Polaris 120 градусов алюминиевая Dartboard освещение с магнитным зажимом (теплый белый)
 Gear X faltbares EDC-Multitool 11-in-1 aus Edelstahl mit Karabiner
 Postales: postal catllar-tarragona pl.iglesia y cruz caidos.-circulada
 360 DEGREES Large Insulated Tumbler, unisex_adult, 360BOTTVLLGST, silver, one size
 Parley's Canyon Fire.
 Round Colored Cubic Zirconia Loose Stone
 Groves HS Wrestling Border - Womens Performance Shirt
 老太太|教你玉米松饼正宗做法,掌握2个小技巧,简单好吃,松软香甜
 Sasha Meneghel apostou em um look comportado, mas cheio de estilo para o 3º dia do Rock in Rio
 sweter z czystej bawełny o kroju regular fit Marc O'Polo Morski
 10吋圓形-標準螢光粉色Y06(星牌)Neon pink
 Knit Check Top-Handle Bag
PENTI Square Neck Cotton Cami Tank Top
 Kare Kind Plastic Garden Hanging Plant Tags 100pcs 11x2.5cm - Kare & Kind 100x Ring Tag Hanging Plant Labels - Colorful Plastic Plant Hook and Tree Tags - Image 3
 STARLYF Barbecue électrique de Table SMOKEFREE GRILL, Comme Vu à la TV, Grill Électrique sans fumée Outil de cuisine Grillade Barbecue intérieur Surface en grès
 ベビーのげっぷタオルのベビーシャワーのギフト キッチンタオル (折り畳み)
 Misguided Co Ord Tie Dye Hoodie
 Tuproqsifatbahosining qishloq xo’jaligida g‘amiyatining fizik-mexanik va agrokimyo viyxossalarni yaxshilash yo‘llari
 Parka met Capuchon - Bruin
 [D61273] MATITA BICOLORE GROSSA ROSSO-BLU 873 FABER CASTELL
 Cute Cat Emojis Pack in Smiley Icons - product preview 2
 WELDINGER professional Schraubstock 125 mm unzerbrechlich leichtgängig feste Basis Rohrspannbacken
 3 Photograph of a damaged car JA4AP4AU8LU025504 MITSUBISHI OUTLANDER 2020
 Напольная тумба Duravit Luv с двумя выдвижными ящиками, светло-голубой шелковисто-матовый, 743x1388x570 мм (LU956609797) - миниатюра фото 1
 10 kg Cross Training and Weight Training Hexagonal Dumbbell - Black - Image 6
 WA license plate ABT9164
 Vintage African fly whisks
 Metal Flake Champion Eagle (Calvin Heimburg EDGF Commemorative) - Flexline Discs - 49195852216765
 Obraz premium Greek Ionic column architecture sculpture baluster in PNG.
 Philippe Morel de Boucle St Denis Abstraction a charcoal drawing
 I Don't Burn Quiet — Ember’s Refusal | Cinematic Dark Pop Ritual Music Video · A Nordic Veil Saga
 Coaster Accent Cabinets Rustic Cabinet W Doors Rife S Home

○ ○ ○ ○ ○ ○ ○

▸ Exercise
Reproduce, exactly and with nothing added, the lines from the one that includes "Obraz premium Greek" through the last line of the material.

▸ Completed task
 Obraz premium Greek Ionic column architecture sculpture baluster in PNG.
 Philippe Morel de Boucle St Denis Abstraction a charcoal drawing
 I Don't Burn Quiet — Ember’s Refusal | Cinematic Dark Pop Ritual Music Video · A Nordic Veil Saga
 Coaster Accent Cabinets Rustic Cabinet W Doors Rife S Home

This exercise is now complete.